TASK INSTRUCTIONS
From the material below, copy each line that holds the word "pink".

== Segment start ==

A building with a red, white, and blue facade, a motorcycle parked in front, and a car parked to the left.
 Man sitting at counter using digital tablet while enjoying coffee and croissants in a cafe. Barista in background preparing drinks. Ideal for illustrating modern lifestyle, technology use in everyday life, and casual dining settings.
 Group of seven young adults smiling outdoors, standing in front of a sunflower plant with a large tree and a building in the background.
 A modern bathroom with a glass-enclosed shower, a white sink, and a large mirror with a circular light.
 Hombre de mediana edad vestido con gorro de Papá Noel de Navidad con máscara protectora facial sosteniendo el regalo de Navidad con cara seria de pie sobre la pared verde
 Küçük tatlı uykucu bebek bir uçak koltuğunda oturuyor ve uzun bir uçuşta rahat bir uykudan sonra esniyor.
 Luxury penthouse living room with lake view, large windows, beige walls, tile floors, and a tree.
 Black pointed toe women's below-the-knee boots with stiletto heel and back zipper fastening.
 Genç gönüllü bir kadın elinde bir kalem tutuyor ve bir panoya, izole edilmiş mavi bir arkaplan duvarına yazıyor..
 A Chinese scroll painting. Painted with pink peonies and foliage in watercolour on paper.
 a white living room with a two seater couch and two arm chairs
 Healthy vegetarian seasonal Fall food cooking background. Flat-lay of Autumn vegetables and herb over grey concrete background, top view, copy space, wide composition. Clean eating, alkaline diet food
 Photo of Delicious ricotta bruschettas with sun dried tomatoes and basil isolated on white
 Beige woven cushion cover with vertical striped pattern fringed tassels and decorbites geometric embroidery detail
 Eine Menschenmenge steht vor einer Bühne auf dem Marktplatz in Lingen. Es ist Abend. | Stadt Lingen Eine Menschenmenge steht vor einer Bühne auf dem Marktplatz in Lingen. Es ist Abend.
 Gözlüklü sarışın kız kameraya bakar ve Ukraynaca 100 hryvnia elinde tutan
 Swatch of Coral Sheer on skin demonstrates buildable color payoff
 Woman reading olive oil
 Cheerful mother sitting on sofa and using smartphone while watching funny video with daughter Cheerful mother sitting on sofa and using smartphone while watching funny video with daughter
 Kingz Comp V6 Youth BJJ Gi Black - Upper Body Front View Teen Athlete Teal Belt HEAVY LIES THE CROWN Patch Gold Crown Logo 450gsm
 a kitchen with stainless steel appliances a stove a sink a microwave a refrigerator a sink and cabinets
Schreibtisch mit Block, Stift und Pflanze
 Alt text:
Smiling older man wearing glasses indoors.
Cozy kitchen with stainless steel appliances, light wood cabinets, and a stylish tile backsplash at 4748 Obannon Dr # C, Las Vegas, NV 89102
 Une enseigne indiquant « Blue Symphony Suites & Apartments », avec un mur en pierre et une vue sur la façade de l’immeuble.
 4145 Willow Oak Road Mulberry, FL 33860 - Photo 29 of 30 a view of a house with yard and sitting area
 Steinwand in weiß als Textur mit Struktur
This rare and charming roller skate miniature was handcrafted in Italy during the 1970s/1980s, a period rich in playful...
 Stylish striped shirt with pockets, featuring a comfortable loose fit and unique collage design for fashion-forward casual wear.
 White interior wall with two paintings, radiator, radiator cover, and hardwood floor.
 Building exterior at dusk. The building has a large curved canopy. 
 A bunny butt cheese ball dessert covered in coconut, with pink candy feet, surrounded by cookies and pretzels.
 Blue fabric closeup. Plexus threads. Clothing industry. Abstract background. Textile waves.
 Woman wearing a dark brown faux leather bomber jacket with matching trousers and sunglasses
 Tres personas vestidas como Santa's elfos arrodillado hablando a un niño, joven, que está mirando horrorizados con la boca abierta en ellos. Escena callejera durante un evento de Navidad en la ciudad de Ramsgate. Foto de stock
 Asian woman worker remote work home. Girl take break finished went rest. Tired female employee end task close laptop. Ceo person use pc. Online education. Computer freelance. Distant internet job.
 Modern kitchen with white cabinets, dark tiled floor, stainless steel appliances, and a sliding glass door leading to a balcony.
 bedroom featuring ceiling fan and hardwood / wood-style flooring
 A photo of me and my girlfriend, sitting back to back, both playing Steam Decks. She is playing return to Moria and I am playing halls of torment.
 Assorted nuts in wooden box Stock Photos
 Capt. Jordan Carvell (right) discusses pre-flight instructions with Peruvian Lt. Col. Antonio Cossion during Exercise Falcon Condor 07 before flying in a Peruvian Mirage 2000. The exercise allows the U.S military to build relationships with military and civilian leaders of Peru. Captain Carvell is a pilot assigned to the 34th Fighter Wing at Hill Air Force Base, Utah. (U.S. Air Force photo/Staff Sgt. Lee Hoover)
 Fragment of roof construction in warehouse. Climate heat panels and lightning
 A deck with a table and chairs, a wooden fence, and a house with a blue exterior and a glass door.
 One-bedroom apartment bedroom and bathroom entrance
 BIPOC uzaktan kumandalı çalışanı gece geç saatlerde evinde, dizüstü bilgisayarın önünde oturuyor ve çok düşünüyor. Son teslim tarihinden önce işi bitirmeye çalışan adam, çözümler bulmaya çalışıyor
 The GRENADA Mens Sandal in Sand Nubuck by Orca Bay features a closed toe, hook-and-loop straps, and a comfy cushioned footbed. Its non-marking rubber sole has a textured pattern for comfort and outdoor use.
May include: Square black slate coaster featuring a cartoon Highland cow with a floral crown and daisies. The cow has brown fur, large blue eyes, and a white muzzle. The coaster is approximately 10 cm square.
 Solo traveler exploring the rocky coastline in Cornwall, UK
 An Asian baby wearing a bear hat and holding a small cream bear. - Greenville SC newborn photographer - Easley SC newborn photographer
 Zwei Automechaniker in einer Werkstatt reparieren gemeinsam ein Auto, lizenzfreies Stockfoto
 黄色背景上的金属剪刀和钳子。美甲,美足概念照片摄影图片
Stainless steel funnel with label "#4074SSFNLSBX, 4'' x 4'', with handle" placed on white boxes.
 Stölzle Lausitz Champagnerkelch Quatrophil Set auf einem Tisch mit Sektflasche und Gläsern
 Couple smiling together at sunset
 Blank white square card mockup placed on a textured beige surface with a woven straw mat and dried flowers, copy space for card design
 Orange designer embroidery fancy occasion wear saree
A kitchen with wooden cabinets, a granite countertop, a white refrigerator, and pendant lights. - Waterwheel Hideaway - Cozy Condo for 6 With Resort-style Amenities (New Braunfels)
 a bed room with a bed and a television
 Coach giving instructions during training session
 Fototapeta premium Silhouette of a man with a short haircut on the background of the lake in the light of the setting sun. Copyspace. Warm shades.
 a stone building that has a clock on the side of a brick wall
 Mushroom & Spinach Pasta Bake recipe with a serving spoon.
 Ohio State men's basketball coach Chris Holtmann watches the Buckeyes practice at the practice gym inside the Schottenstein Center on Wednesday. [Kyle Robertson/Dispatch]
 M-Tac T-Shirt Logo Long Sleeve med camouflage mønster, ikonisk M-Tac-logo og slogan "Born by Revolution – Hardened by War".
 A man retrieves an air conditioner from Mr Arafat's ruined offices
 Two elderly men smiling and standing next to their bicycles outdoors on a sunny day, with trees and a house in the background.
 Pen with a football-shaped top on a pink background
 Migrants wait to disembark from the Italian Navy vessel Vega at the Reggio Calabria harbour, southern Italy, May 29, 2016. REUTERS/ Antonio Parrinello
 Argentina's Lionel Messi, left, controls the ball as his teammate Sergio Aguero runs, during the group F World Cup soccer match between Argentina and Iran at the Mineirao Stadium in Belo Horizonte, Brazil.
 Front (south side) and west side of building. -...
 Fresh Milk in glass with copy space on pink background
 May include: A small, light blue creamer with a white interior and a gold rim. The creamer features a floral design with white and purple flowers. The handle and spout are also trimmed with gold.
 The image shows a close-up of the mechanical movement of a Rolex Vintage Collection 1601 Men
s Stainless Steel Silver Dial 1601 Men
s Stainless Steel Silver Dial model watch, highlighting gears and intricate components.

== Segment end ==

EXPECTED ANSWER
 A Chinese scroll painting. Painted with pink peonies and foliage in watercolour on paper.
 A bunny butt cheese ball dessert covered in coconut, with pink candy feet, surrounded by cookies and pretzels.
 Pen with a football-shaped top on a pink background
 Fresh Milk in glass with copy space on pink background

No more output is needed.